What follows is based on close to five decades of buying lingerie and includes a bunch of learning thanks to having made every mistake in the book. Some of them more than once.

My first post about bras was about getting the band size right - an art on its own - but if you don't have breasts, then you will need to use forms of one kind or another to fill the cups. One thing worth keeping at the back of your mind is that most bras are not designed for forms, so there are some dos and don'ts worth knowing before you buy.

Anatomy of a bra

Bras are small miracles of design built to support the cups, which are connected by a small flat triangular area at the front, known as the gore. Remember the gore, because it is crucial for fit.

Many bras have an wire that underpins the lower half of the cups – these are metal and liable to expand, which is why you should never wash a bra in hot water. If you do, the wires can expand, poke through the material and gouge holes in things. Painful, or expensive, depending on whether the hole is in you, or one of your precious forms.

Other bras have what are known as 'soft cups' and lack the wire. These are usually, but not exclusively for smaller cup sizes.

Lateral to the cups, forming the inner section of the strap, is a part called the cradle, to which the wing of the strap (that's the stretchy part carrying the hooks) is attached via a vertical seam. In larger cup sizes this seam is usually stiffened with what is called a bone. Why?

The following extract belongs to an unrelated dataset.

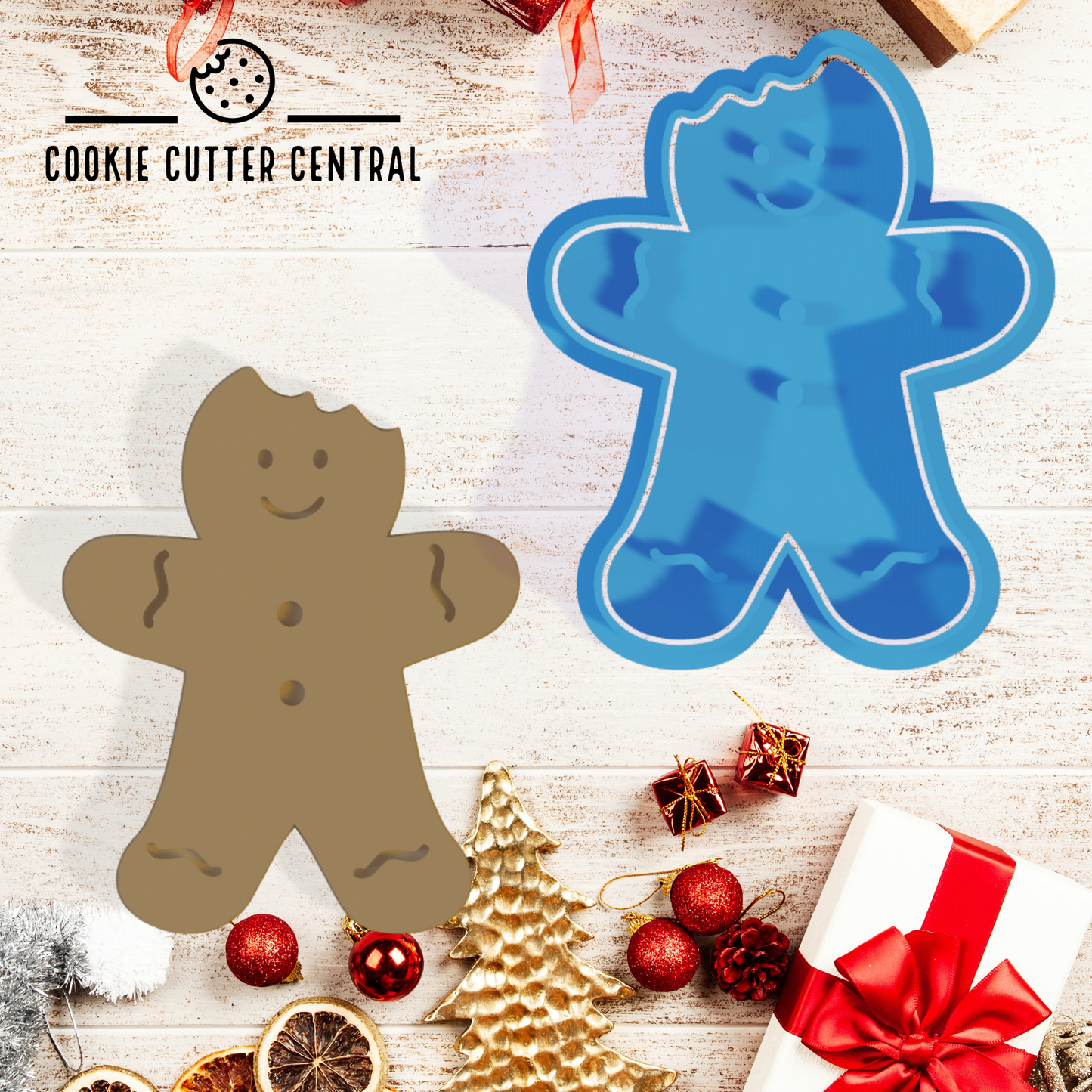 Gingerbread Man Cookie Cutter and Embosser - 9.5cm x 7.7cm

Because they used to be made of whalebone. Truly.

The radius of wires is dependent on back size, not cup size – which means a 36D bra has a wider radius wire than a 34D bra, while a 36B shares the same radius of wire with a 36E. This has implications for fitting breast forms.

Until you get to really large cup sizes – where the light engineering principles of corsetry come into play – the band, wire, cradle and wing will be more or less identical between two bras from the same range that are made for the same back size, even if one is a B and the other a D.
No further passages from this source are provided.